• **ASSIGNED TASK**
Pictures must not appear in the copy. Restate exactly the lines below from the one with "audacieux, fromage biologique" through the one with "Herren Stretch Hemd", inclusive.

• **INFORMATION SHOWN**
::::::::::

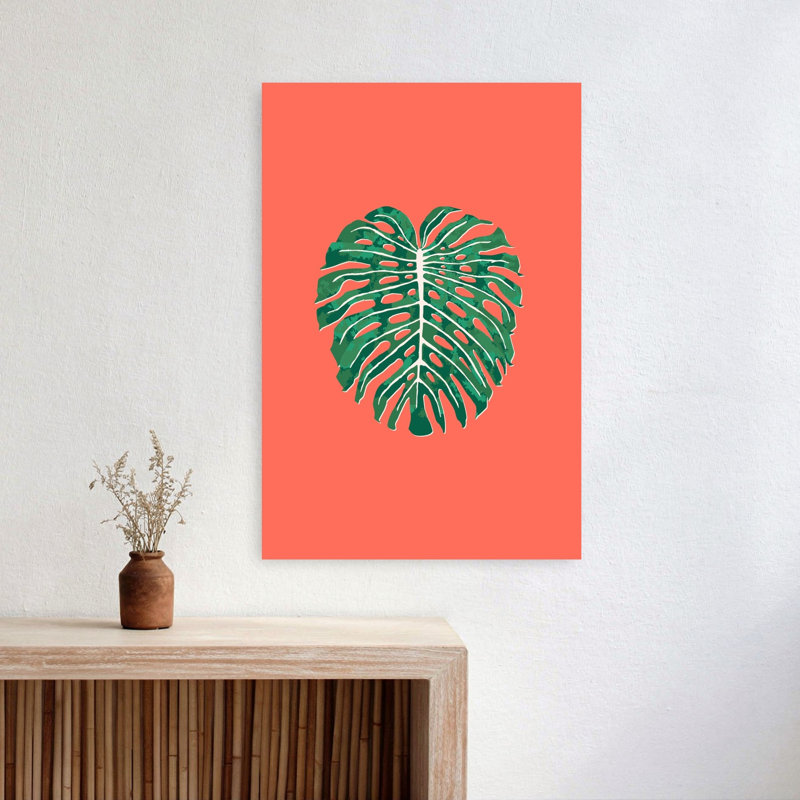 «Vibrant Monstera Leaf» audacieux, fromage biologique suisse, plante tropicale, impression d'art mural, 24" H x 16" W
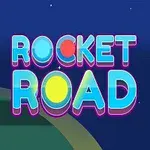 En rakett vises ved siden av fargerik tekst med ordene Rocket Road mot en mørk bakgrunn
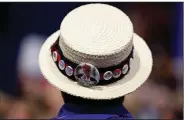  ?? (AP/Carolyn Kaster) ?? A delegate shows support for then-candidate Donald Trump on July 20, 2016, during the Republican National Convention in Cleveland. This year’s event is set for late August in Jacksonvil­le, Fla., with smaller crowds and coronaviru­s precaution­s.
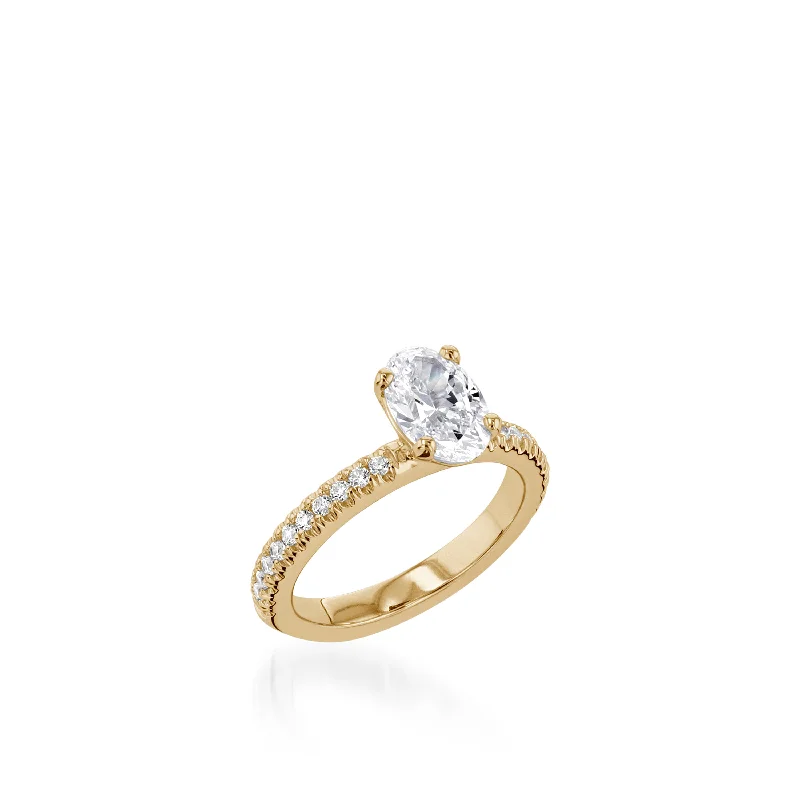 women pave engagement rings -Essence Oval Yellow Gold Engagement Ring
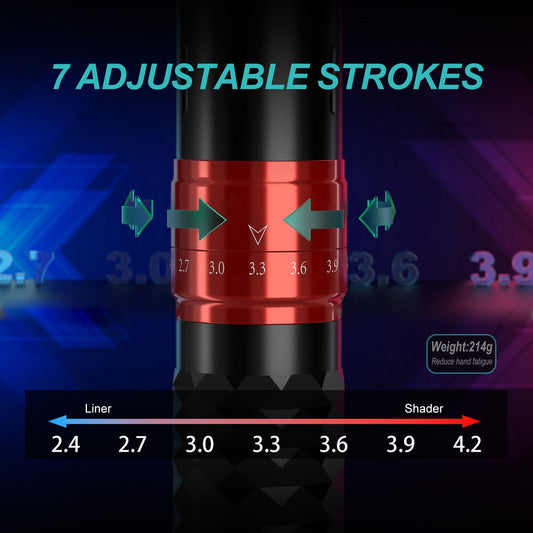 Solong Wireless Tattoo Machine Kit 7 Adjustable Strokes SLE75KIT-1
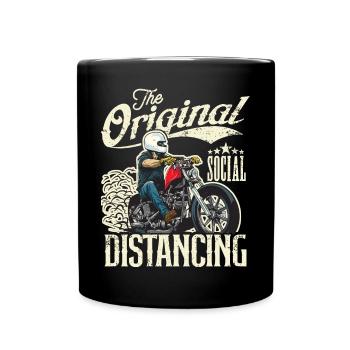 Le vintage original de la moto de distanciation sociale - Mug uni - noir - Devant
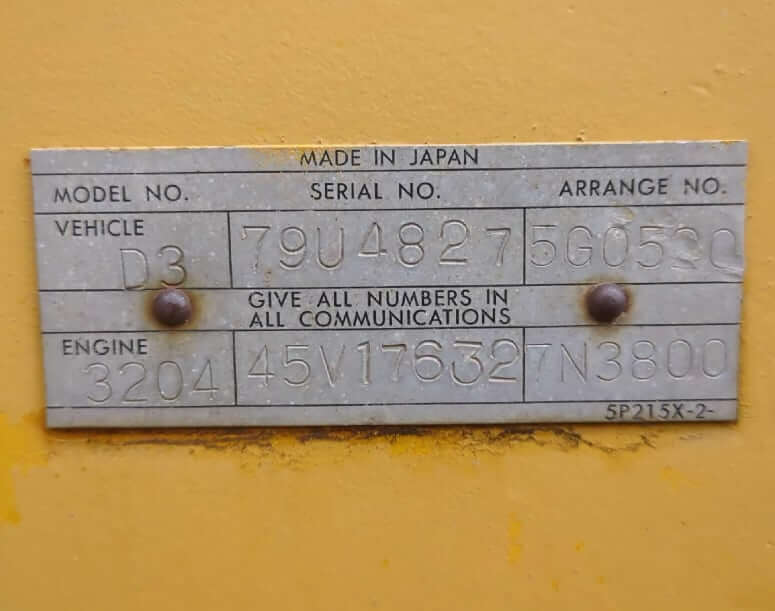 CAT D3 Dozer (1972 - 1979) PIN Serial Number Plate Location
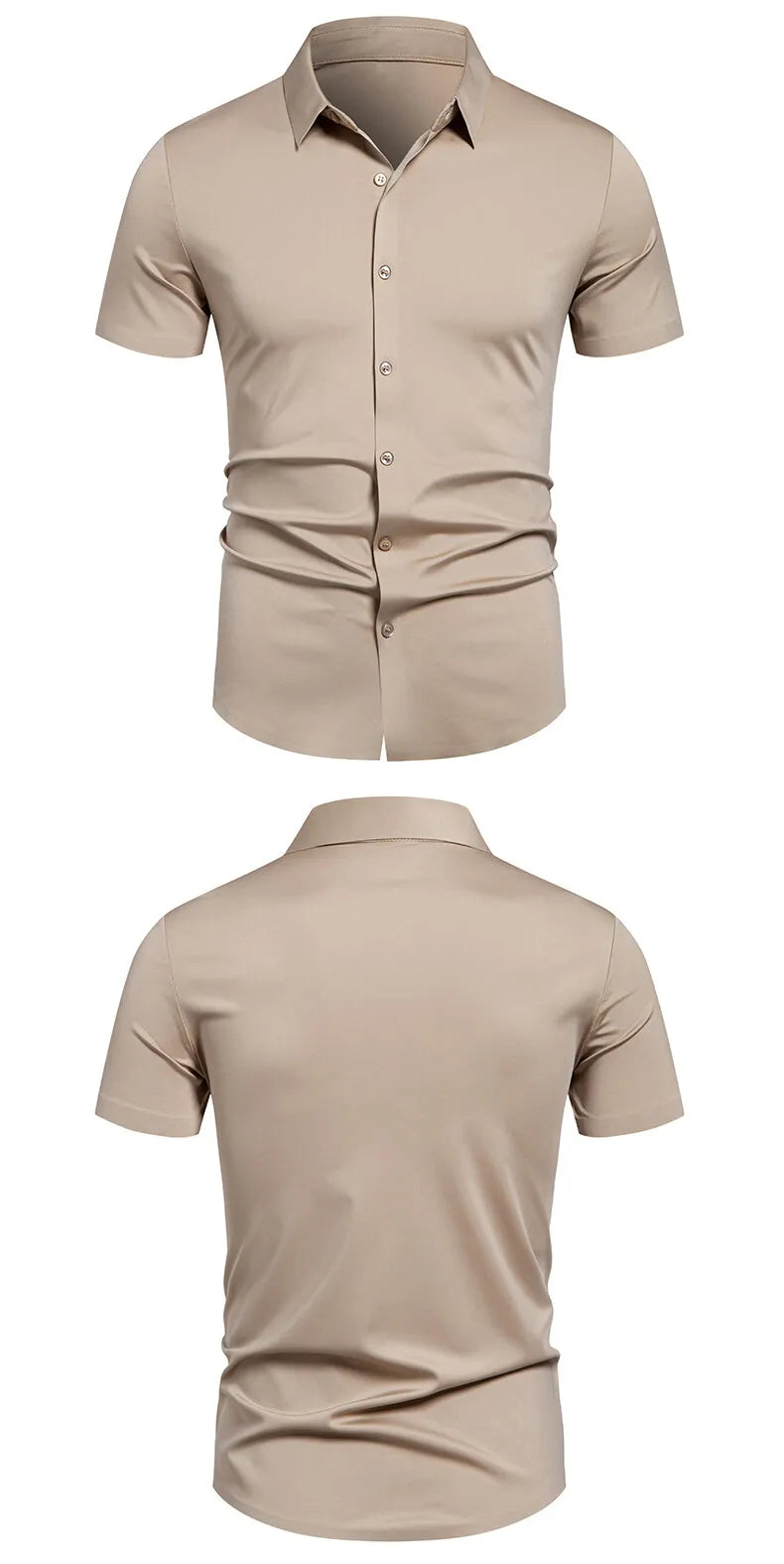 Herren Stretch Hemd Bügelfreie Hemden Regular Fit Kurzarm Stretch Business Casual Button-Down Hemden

::::::::::

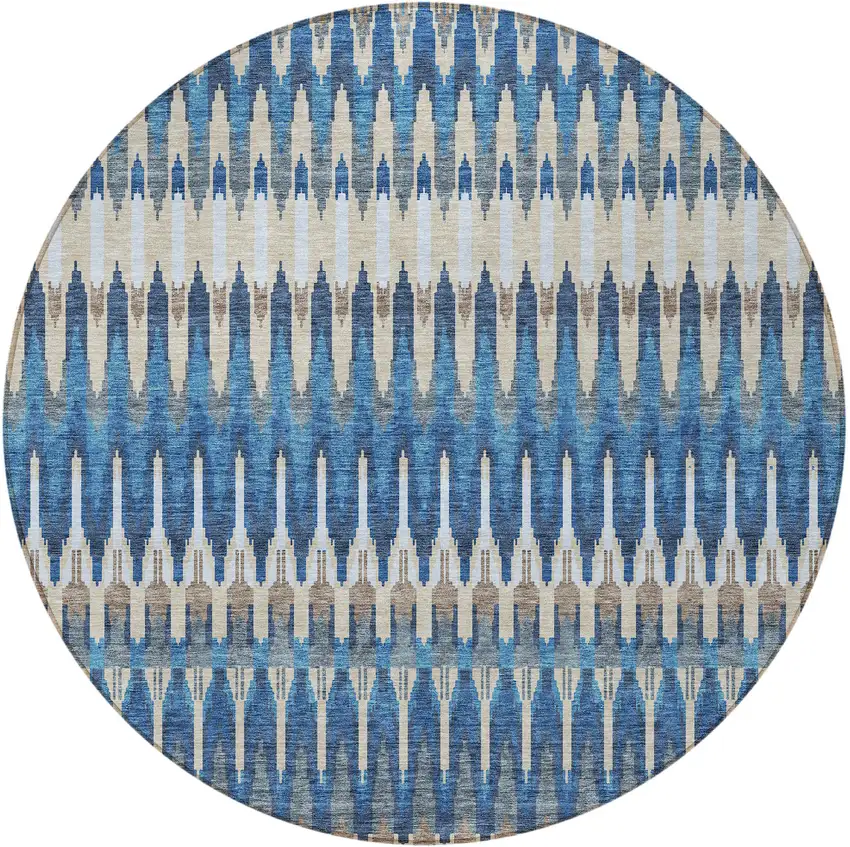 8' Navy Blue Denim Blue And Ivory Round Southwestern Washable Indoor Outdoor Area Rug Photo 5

::::::::::

• **SOLUTION BELOW**
 «Vibrant Monstera Leaf» audacieux, fromage biologique suisse, plante tropicale, impression d'art mural, 24" H x 16" W
 En rakett vises ved siden av fargerik tekst med ordene Rocket Road mot en mørk bakgrunn
  ?? (AP/Carolyn Kaster) ?? A delegate shows support for then-candidate Donald Trump on July 20, 2016, during the Republican National Convention in Cleveland. This year’s event is set for late August in Jacksonvil­le, Fla., with smaller crowds and coronaviru­s precaution­s.
 women pave engagement rings -Essence Oval Yellow Gold Engagement Ring
 Solong Wireless Tattoo Machine Kit 7 Adjustable Strokes SLE75KIT-1
 Le vintage original de la moto de distanciation sociale - Mug uni - noir - Devant
 CAT D3 Dozer (1972 - 1979) PIN Serial Number Plate Location
 Herren Stretch Hemd Bügelfreie Hemden Regular Fit Kurzarm Stretch Business Casual Button-Down Hemden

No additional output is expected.